Here, it is undisputed that Peerspace did not own, control, operate, or maintain the apartment. Therefore, as a matter of law it did not owe a duty to plaintiff to protect her from an allegedly dangerous condition on the property. While plaintiff argues that Peerspace had actual notice of the table since Peerspace "did not owe a duty to the plaintiff... the issue of whether it had notice of the alleged dangerous condition" is irrelevant (id. at 547). Further, plaintiff argues that a rental website owes a duty to inspect the properties that are listed on its website, but does not cite any legal authority to support her argument. Accordingly, Peerspace's motion for summary judgment will be granted and the complaint as against it will be dismissed. Cross-Claims as against Peerspace
Peerspace also moves to dismiss the cross-claim as against it by co-defendant Hewett for breach of contract for failure to procure insurance. Peerspace argues that there was no contract between Peerspace and Hewett because the booking on the Peerspace website was between Real Vision and co-defendant Youniss. Further, Peerspace argues that pursuant to the terms of its contract, supplemental insurance coverage is contingent upon the host already having primary insurance, which Youniss did not procure. Hewett does not submit any opposition to this motion.

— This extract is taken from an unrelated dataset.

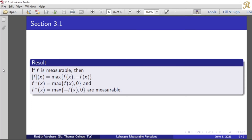Similarly, f⁻(x) is equal to maximum of −f(x) and 0. Where f is measurable, therefore the constant multiple −f(x) is measurable, and 0 is the zero function which is measurable. Therefore, the maximum of two measurable functions, that is f⁻, is measurable. Therefore, we get: if f is measurable, then mod f, f⁺, and f⁻ are all measurable functions. Thank you.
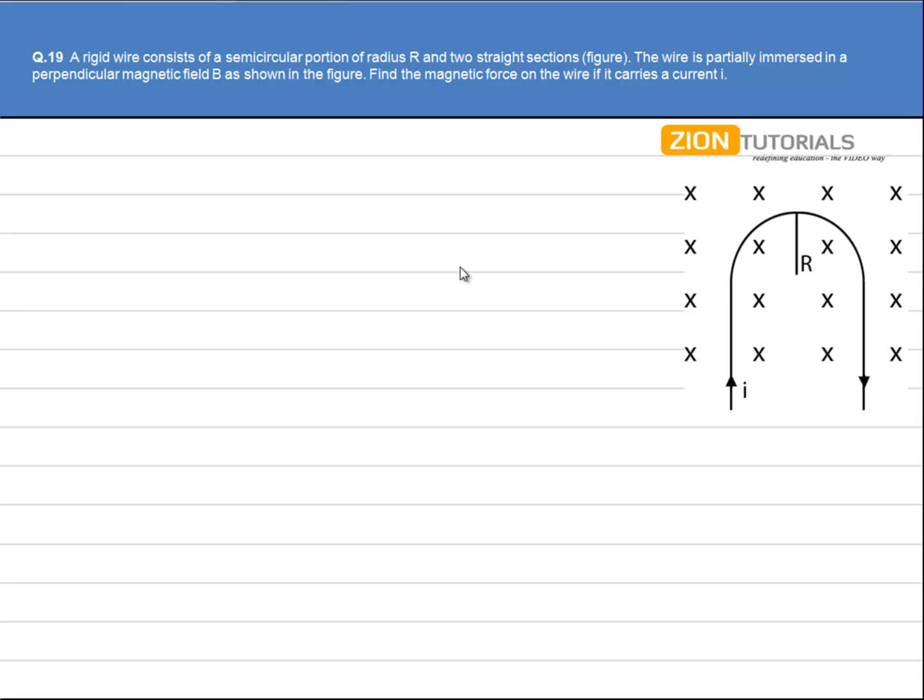A rigid wire consists of a semicircular portion of radius R and two straight sections. The wire is partially immersed in perpendicular magnetic field B as shown in the figure. Find the magnetic force on the wire if it carries a current I.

Peerspace submits the listing of the apartment showing that it was associated with Youniss (NYSCEF Doc No 261). Consequently, Peerspace has established that there was no contract between Peerspace and defendant Hewett. Accordingly, Hewett's breach of contract cross-claim as against Peerspace will be dismissed.
Accordingly it is
ORDERED that defendant Church Street Apartment Corp.'s motion for summary judgment (MS #008) is granted and the complaint is dismissed as against it and the clerk is directed to enter judgment accordingly; and it is further
ORDERED that defendant Ursula Pohl's motion for summary judgment (MS #008) is denied; and it is further
ORDERED that defendant Real Vision Productions, Inc.'s motion for summary judgment (MS #009) is denied; and it is further
ORDERED that defendant Peerspace Inc.'s motion for summary judgment (MS #010) is granted and the complaint and cross-claims are dismissed as against it and the clerk is directed to enter judgment accordingly; and it is further
ORDERED that the caption in this matter is hereby amended as follows:
REED YURMAN, Plaintiffs,
- v-
URSULA POHL, REAL VISION PRODUCTIONS, INC..SPENCER HEWETT, AUTOMATON INC. D/B/A RADAR, CUITLAHUAC PINEDA YOUNISS Defendants.
And it is further
ORDERED that all papers, pleadings, and proceedings in the above-entitled action be amended in accordance with this change, without prejudice to the proceedings heretofore had herein; and it is further
ORDERED that defendant Church Street Apartment Corp. shall, within 30 days of entry of this order, serve a copy of this order with notice of entry upon the County Clerk and the Clerk of the General Clerk's Office, who are directed to mark the court's records to reflect the change in the caption herein; and it is further
ORDERED that such service upon the County Clerk and the Clerk of the General Clerk's Office shall be made in accordance with the procedures set forth in the Protocol on Courthouse and County Clerk Procedures for Electronically Filed Cases (accessible at the "E-Filing" page on the court's website).